AIM OF THE EXERCISE: The required output is the exact run of lines below that opens at the line with "SALE OUT. Razer" and closes at the line with "Dron DJI Avata".

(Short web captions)
================================

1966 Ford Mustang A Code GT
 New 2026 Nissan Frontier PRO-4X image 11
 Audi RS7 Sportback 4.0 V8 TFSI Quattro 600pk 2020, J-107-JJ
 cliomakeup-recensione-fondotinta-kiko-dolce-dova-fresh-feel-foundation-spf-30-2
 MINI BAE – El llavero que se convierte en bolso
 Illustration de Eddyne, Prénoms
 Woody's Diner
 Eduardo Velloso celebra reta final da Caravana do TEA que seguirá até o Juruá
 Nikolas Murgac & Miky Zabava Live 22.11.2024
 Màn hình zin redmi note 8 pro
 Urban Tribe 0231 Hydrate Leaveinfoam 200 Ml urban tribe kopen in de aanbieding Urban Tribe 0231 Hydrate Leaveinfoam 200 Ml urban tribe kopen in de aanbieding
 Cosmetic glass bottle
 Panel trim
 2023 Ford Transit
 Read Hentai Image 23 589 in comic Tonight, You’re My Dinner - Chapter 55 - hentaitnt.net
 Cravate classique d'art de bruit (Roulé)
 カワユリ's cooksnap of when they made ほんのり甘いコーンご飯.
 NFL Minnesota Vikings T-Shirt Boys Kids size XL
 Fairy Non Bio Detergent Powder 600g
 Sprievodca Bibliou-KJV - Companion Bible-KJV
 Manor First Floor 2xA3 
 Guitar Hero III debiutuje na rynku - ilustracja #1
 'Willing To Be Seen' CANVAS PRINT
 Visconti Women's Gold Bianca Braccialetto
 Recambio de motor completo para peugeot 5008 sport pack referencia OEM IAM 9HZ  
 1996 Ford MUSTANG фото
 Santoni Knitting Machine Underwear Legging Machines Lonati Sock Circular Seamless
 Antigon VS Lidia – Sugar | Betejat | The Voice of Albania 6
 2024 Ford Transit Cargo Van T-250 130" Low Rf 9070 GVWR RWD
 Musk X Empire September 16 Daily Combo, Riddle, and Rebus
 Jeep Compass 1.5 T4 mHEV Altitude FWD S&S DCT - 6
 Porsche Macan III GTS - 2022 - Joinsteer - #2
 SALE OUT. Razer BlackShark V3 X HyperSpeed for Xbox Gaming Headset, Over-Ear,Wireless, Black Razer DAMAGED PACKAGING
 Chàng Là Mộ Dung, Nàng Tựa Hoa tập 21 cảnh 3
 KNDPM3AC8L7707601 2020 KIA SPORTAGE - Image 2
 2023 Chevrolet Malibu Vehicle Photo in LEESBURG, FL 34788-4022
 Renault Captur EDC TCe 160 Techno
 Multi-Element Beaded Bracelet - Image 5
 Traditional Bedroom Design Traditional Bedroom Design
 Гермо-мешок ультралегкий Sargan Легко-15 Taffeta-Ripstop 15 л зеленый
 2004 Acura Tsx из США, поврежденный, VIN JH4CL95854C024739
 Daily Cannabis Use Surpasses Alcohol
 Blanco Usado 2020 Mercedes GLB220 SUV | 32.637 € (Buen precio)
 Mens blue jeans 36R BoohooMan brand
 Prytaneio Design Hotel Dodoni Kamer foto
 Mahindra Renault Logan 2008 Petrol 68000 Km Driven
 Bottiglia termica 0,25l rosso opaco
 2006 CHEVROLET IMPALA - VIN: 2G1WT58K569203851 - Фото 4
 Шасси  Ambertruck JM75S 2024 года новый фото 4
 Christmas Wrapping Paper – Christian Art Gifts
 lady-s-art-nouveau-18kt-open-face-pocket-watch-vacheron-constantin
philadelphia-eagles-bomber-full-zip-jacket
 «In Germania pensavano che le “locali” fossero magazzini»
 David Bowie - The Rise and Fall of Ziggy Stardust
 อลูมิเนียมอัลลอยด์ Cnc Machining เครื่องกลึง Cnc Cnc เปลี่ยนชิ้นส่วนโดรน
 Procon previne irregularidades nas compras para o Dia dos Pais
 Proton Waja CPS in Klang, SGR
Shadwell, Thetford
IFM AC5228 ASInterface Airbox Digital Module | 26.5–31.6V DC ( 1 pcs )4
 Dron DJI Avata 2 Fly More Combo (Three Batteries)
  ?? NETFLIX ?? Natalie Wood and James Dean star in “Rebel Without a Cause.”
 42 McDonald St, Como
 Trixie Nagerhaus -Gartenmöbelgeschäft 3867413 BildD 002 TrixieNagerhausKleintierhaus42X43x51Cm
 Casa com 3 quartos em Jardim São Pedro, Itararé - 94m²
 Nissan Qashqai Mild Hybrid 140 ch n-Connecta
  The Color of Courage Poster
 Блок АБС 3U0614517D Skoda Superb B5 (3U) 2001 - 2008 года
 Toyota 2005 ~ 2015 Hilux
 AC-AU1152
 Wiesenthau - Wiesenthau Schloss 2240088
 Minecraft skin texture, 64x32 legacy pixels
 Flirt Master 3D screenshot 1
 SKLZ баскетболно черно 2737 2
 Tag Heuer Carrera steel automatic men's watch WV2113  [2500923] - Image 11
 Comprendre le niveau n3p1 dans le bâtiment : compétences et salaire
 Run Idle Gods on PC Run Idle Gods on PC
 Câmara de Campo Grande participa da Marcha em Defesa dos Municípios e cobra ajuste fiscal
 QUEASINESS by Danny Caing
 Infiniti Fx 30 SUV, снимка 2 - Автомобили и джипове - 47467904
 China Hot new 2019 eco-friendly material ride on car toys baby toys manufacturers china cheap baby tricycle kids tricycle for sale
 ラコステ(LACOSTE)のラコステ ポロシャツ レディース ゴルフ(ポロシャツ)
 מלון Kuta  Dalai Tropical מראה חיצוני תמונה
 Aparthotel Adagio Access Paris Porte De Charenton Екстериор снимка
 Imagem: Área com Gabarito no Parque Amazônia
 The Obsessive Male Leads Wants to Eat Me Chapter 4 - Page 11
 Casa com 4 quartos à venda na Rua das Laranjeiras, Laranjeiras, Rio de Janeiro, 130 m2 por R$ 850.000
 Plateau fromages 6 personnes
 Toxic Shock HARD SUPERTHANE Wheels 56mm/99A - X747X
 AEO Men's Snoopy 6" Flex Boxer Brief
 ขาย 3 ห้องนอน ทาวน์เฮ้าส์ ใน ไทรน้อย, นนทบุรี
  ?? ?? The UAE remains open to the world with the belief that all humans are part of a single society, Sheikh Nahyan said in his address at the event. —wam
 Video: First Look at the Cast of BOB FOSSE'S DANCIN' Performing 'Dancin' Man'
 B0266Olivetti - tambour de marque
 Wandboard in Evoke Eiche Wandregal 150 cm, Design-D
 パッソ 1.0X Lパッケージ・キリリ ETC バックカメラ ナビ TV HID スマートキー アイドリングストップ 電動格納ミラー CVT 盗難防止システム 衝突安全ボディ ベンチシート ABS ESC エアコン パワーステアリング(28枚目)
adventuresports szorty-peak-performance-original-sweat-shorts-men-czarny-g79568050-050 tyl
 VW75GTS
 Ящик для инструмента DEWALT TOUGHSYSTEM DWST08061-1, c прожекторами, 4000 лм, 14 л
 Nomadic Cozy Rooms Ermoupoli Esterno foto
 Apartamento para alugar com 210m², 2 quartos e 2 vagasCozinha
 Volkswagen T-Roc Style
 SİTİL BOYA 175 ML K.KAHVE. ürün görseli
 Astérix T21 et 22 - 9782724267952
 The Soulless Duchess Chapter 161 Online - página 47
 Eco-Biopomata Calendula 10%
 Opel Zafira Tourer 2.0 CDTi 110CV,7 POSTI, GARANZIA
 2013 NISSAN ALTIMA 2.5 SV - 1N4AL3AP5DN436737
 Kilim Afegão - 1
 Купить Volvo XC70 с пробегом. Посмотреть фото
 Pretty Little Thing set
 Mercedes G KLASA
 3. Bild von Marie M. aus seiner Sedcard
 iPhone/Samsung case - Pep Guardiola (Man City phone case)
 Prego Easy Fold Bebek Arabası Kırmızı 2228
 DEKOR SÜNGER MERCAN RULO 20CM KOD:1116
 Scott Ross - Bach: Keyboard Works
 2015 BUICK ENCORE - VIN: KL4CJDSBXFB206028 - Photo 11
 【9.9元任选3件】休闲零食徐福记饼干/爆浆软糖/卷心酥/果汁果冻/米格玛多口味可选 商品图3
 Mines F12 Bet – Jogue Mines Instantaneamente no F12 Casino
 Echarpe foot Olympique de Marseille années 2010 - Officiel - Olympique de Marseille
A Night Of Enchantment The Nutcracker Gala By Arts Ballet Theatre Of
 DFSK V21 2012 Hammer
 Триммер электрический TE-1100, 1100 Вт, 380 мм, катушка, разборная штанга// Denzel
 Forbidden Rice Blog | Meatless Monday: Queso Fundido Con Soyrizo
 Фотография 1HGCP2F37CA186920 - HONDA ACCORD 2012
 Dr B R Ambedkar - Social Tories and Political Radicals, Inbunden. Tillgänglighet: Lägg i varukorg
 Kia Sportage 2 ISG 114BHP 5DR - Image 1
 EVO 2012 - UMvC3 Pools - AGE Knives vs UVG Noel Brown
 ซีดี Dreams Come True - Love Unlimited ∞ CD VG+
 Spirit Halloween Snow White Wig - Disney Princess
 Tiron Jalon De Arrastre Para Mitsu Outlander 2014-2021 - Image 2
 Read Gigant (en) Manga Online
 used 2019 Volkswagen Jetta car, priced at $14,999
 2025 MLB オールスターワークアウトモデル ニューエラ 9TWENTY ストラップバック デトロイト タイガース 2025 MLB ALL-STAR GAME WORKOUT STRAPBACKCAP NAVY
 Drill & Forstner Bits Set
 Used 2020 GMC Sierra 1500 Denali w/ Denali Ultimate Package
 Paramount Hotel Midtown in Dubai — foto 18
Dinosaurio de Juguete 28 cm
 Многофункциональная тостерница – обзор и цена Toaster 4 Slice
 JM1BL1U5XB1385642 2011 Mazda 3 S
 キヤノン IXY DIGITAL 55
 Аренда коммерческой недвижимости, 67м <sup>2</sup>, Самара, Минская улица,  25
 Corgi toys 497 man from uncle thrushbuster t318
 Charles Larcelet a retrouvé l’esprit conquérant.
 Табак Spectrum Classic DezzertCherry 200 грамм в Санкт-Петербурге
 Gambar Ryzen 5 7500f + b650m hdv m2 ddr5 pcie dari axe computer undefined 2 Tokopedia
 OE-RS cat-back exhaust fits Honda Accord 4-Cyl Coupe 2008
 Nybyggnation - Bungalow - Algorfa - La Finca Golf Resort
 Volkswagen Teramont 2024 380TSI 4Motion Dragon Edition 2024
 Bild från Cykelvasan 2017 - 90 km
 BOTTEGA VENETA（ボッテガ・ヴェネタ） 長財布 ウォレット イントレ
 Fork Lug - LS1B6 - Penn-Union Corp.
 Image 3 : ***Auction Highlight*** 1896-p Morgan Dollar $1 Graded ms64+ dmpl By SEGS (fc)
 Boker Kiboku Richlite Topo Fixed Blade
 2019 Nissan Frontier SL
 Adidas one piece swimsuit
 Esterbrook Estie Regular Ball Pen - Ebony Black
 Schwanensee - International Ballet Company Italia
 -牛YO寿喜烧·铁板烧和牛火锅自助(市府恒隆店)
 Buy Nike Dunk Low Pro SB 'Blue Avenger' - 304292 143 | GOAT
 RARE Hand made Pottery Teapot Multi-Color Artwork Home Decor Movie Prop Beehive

================================

WRITTEN SOLUTION:
 SALE OUT. Razer BlackShark V3 X HyperSpeed for Xbox Gaming Headset, Over-Ear,Wireless, Black Razer DAMAGED PACKAGING
 Chàng Là Mộ Dung, Nàng Tựa Hoa tập 21 cảnh 3
 KNDPM3AC8L7707601 2020 KIA SPORTAGE - Image 2
 2023 Chevrolet Malibu Vehicle Photo in LEESBURG, FL 34788-4022
 Renault Captur EDC TCe 160 Techno
 Multi-Element Beaded Bracelet - Image 5
 Traditional Bedroom Design Traditional Bedroom Design
 Гермо-мешок ультралегкий Sargan Легко-15 Taffeta-Ripstop 15 л зеленый
 2004 Acura Tsx из США, поврежденный, VIN JH4CL95854C024739
 Daily Cannabis Use Surpasses Alcohol
 Blanco Usado 2020 Mercedes GLB220 SUV | 32.637 € (Buen precio)
 Mens blue jeans 36R BoohooMan brand
 Prytaneio Design Hotel Dodoni Kamer foto
 Mahindra Renault Logan 2008 Petrol 68000 Km Driven
 Bottiglia termica 0,25l rosso opaco
 2006 CHEVROLET IMPALA - VIN: 2G1WT58K569203851 - Фото 4
 Шасси  Ambertruck JM75S 2024 года новый фото 4
 Christmas Wrapping Paper – Christian Art Gifts
 lady-s-art-nouveau-18kt-open-face-pocket-watch-vacheron-constantin
philadelphia-eagles-bomber-full-zip-jacket
 «In Germania pensavano che le “locali” fossero magazzini»
 David Bowie - The Rise and Fall of Ziggy Stardust
 อลูมิเนียมอัลลอยด์ Cnc Machining เครื่องกลึง Cnc Cnc เปลี่ยนชิ้นส่วนโดรน
 Procon previne irregularidades nas compras para o Dia dos Pais
 Proton Waja CPS in Klang, SGR
Shadwell, Thetford
IFM AC5228 ASInterface Airbox Digital Module | 26.5–31.6V DC ( 1 pcs )4
 Dron DJI Avata 2 Fly More Combo (Three Batteries)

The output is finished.